[Records excerpted from a collection]
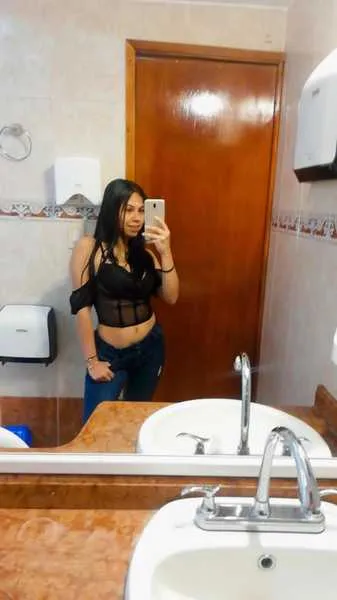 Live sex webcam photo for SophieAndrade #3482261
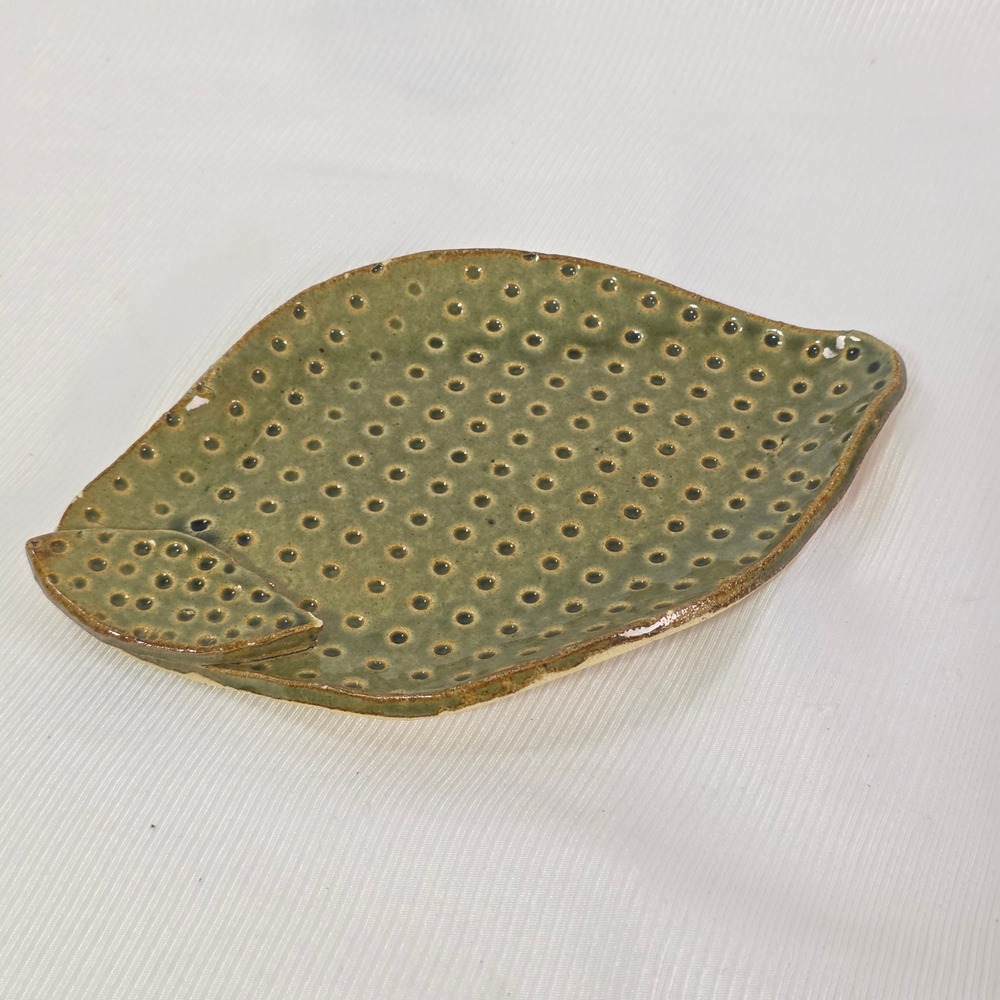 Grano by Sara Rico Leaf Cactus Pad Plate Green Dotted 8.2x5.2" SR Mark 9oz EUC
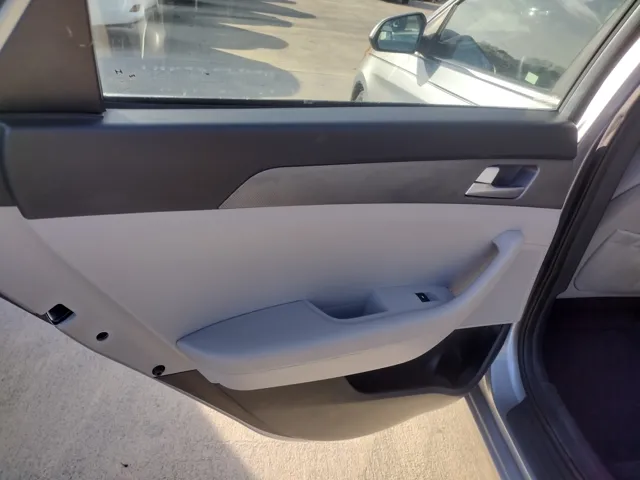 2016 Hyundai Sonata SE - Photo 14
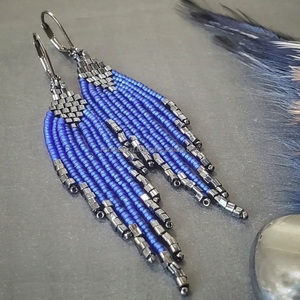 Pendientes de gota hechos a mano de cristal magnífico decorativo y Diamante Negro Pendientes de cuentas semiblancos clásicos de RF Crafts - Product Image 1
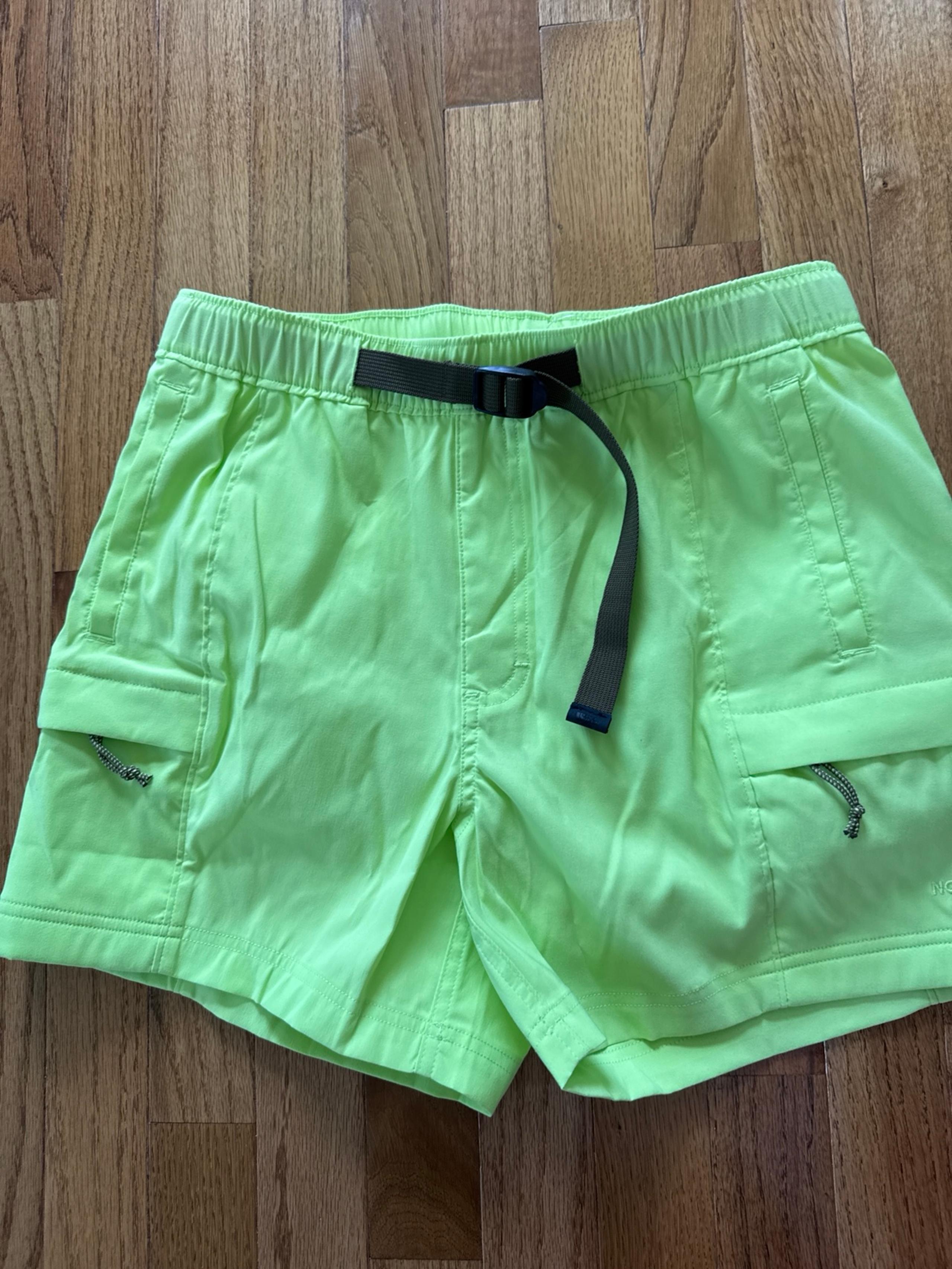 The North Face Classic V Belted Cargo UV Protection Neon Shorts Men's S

==

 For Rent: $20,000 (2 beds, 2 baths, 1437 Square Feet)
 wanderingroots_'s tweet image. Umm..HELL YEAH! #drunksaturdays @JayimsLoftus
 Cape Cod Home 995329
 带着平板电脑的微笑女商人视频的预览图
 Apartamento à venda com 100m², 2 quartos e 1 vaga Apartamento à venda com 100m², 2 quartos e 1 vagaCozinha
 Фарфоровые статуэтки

EXERCISE DIRECTIONS
Output should consist of the lines above from the one with "Live sex webcam" down to the one with "The North Face", exact and without pictures.

ANSWER AREA
 Live sex webcam photo for SophieAndrade #3482261
 Grano by Sara Rico Leaf Cactus Pad Plate Green Dotted 8.2x5.2" SR Mark 9oz EUC
 2016 Hyundai Sonata SE - Photo 14
 Pendientes de gota hechos a mano de cristal magnífico decorativo y Diamante Negro Pendientes de cuentas semiblancos clásicos de RF Crafts - Product Image 1
 The North Face Classic V Belted Cargo UV Protection Neon Shorts Men's S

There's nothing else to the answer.